*** Source material Section Begins ***

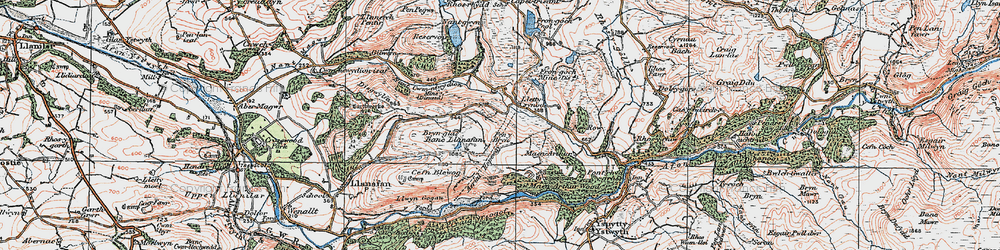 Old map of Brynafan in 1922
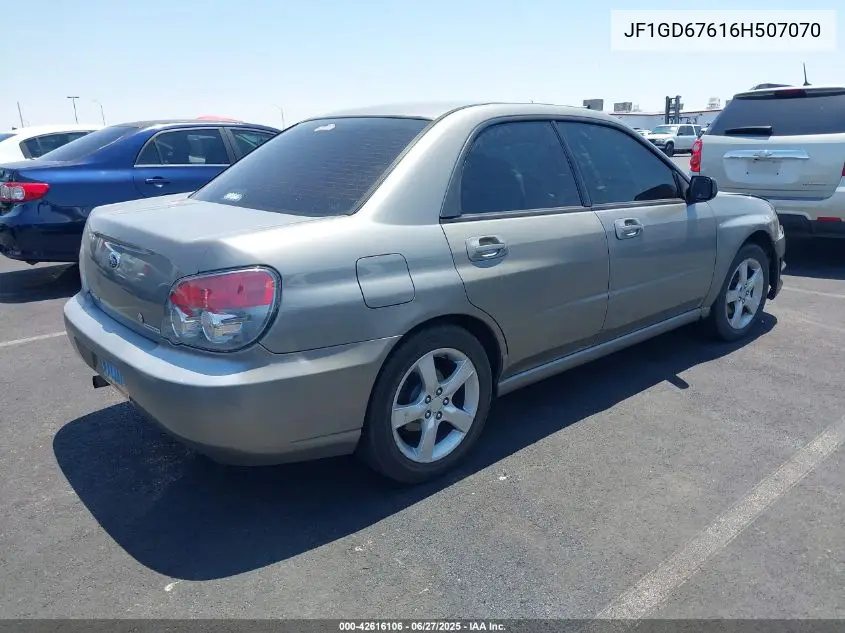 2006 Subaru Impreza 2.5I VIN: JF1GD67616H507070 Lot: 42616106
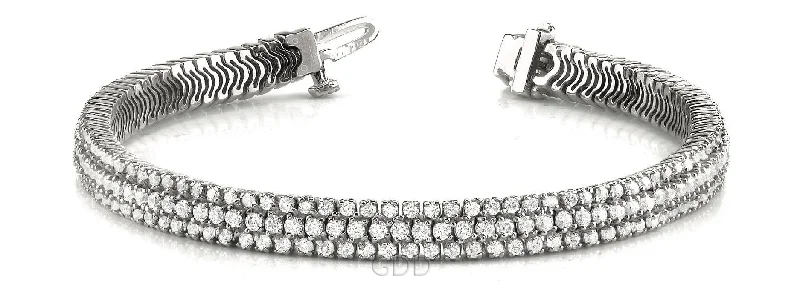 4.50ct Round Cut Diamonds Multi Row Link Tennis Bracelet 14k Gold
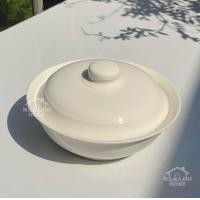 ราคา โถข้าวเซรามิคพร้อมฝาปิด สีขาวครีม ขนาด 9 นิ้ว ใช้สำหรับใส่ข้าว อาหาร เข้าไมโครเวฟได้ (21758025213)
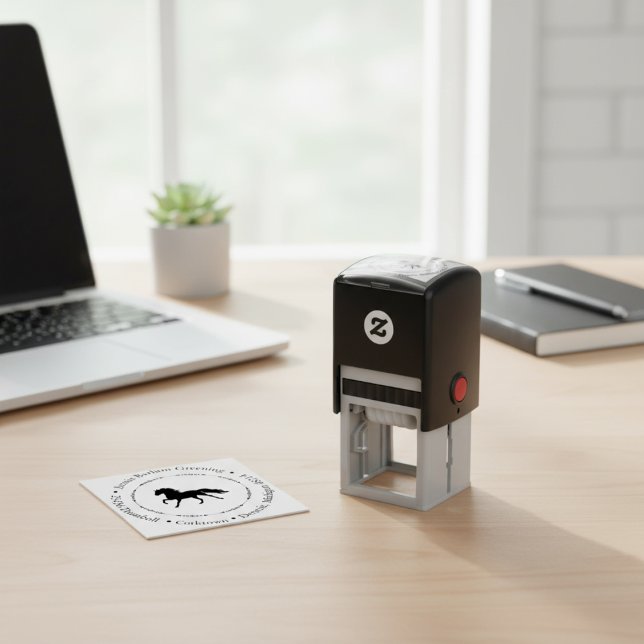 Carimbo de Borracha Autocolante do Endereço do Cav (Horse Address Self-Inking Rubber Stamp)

*** Source material Section Ends ***

The entries above, without their pictures, should be written out exactly.

 Old map of Brynafan in 1922
 2006 Subaru Impreza 2.5I VIN: JF1GD67616H507070 Lot: 42616106
 4.50ct Round Cut Diamonds Multi Row Link Tennis Bracelet 14k Gold
 ราคา โถข้าวเซรามิคพร้อมฝาปิด สีขาวครีม ขนาด 9 นิ้ว ใช้สำหรับใส่ข้าว อาหาร เข้าไมโครเวฟได้ (21758025213)
 Carimbo de Borracha Autocolante do Endereço do Cav (Horse Address Self-Inking Rubber Stamp)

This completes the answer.